▶ _DATASET CONTENT_
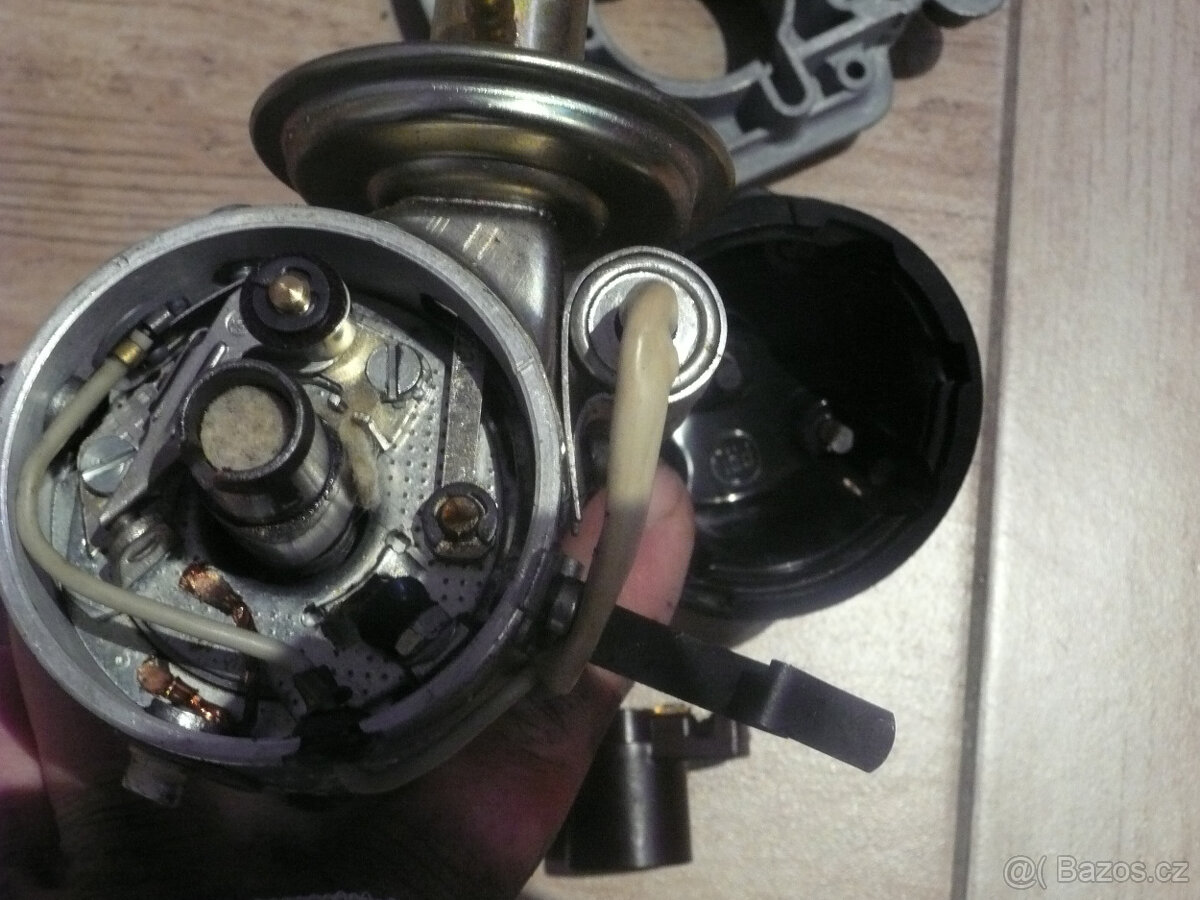 skoda 105 120 130 125 - 12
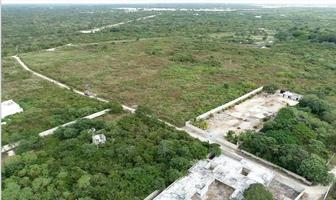 Foto de inmueble en , Col. Cholul C.P. 97305, Mérida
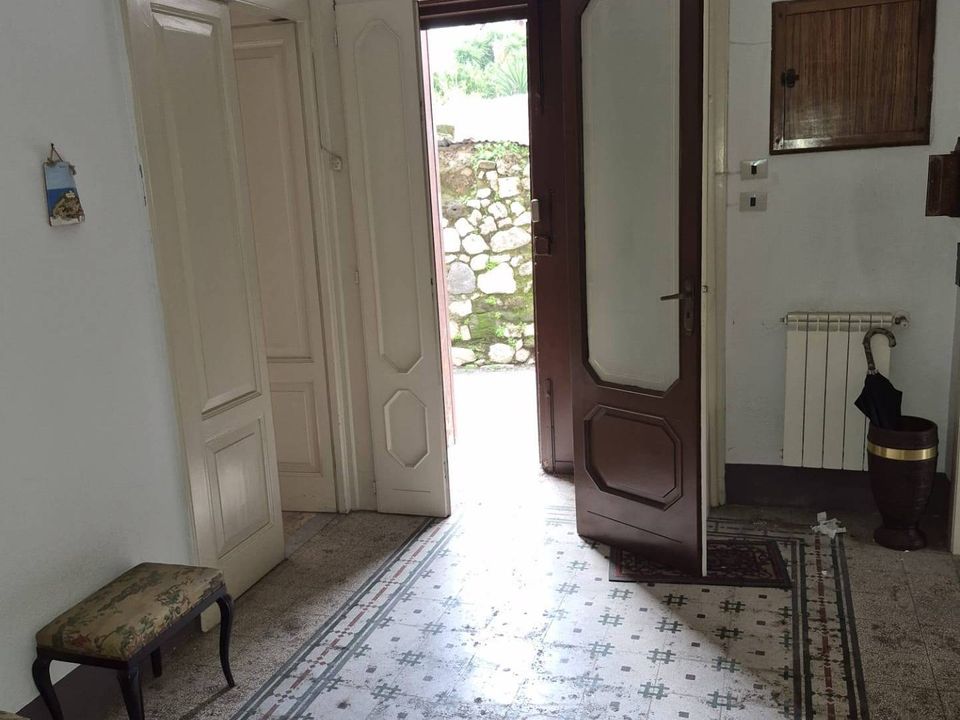 Villa i Lauro, Avellino - foto 3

▶ _TASK DESCRIPTION_
Give back every line of the material above word for word, leaving out the pictures.

▶ _OUTPUT OF THE TASK_
 skoda 105 120 130 125 - 12
 Foto de inmueble en , Col. Cholul C.P. 97305, Mérida
 Villa i Lauro, Avellino - foto 3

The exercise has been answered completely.